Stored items
◇ ◇ ◇ ◇
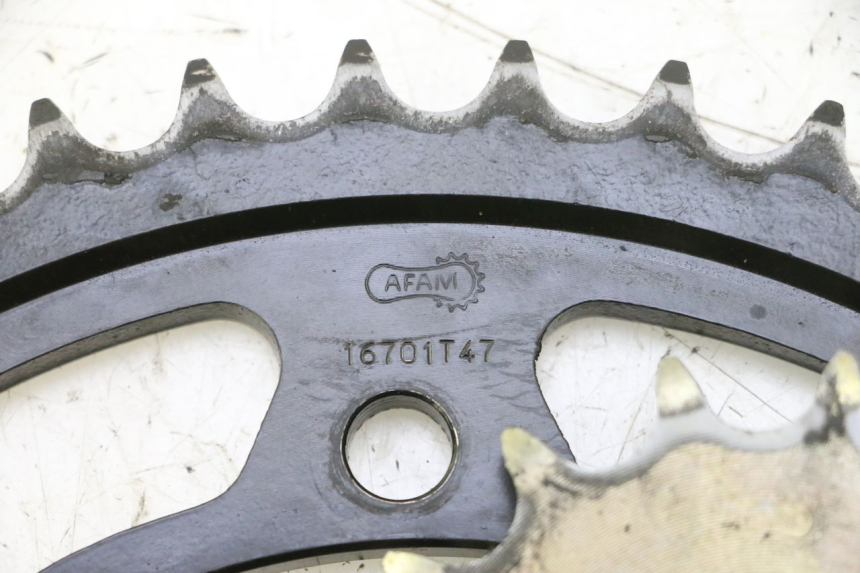 photo de KETTENKIT KAWASAKI GPX F ZX750F 750 (1986 - 1990) - Zoom auf Gebrauchszustand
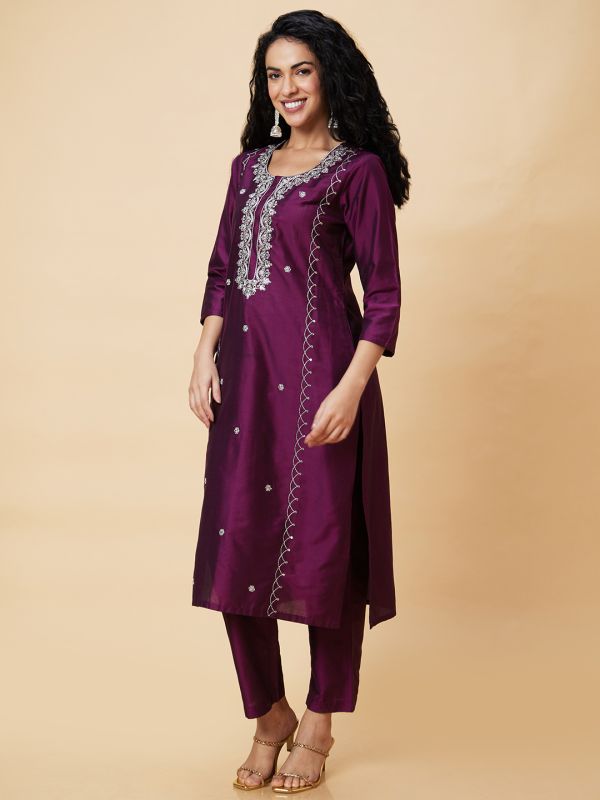 Globus Women Purple Embroidered Round Neck Festive Straight Kurta Set With Trouser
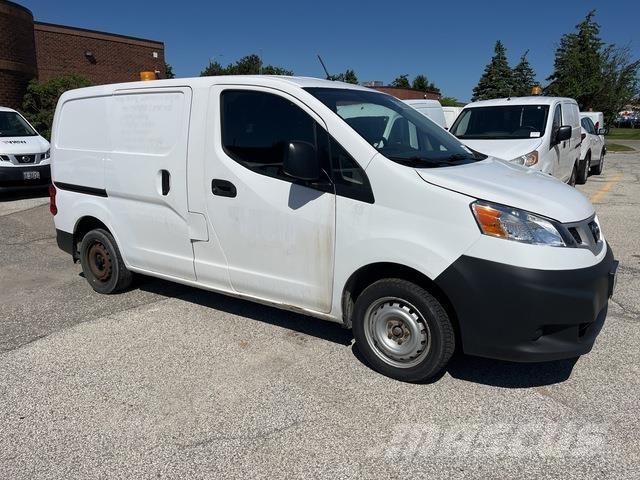 Nissan NV200 Utilitaire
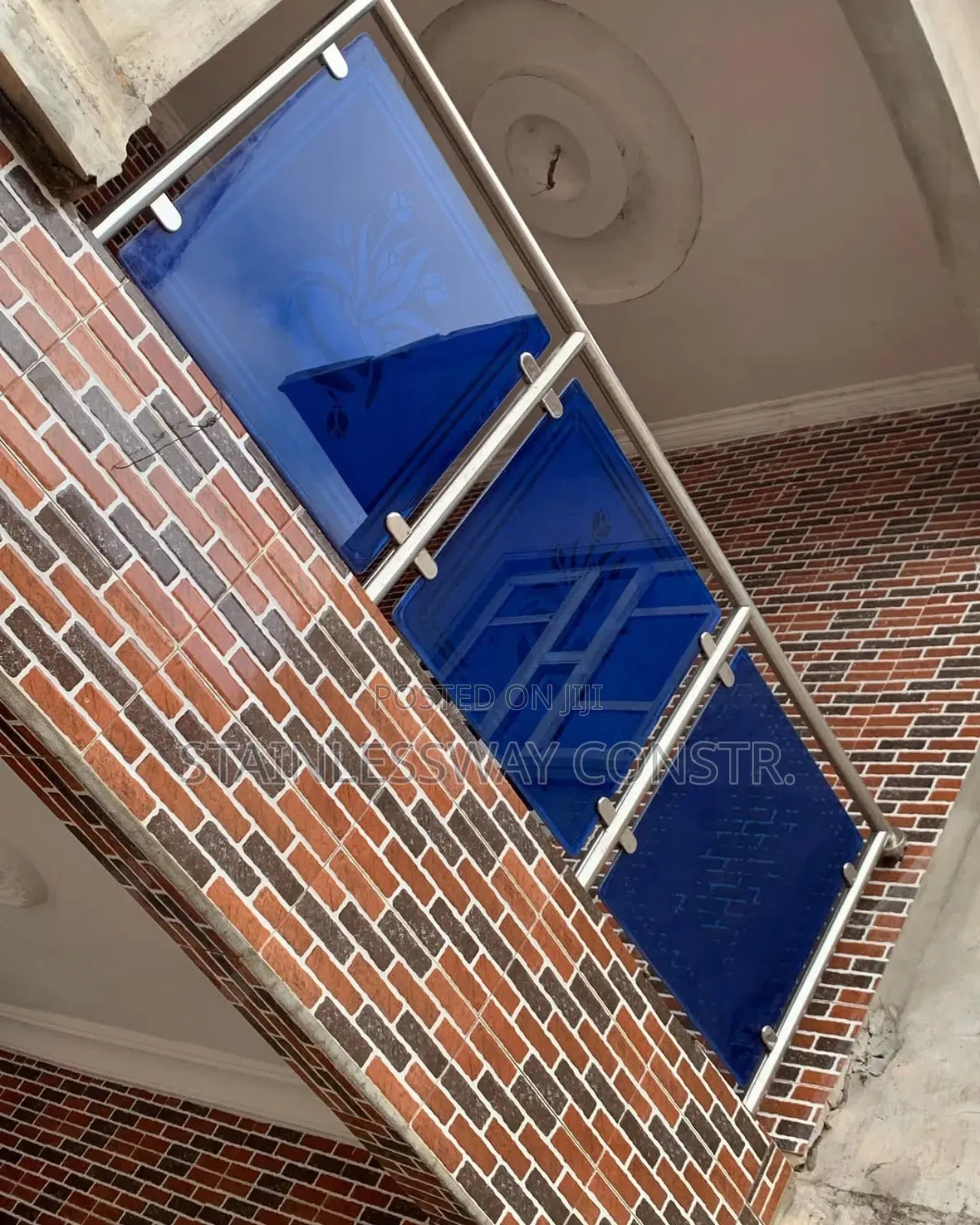 Glass Balcony Crescendo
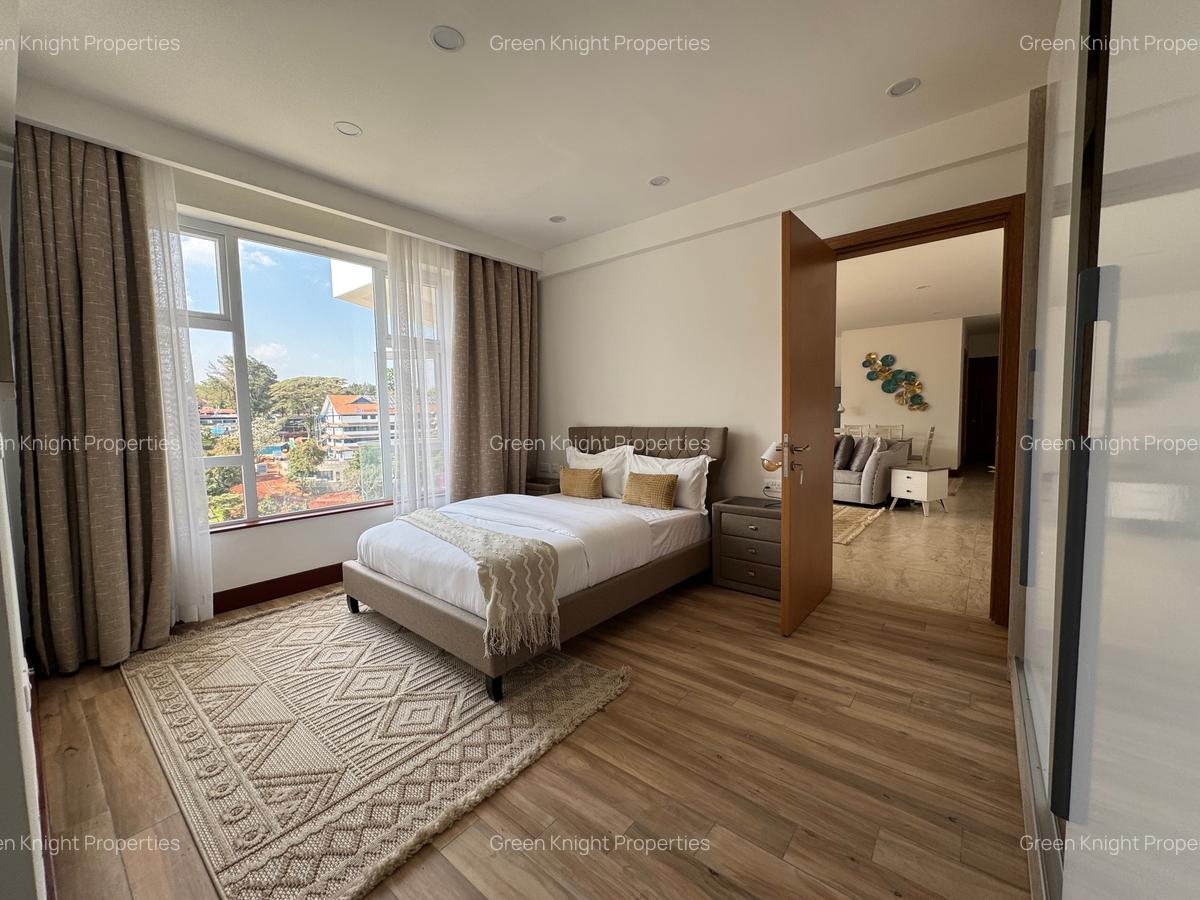 Serviced 2 Bed Apartment with En Suite in Parklands - 9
◇ ◇ ◇ ◇
_EXERCISE DIRECTIONS_
Your copy must repeat the data word for word and show none of its images.

_SOLUTION TO THE EXERCISE_
 photo de KETTENKIT KAWASAKI GPX F ZX750F 750 (1986 - 1990) - Zoom auf Gebrauchszustand
 Globus Women Purple Embroidered Round Neck Festive Straight Kurta Set With Trouser
 Nissan NV200 Utilitaire
 Glass Balcony Crescendo
 Serviced 2 Bed Apartment with En Suite in Parklands - 9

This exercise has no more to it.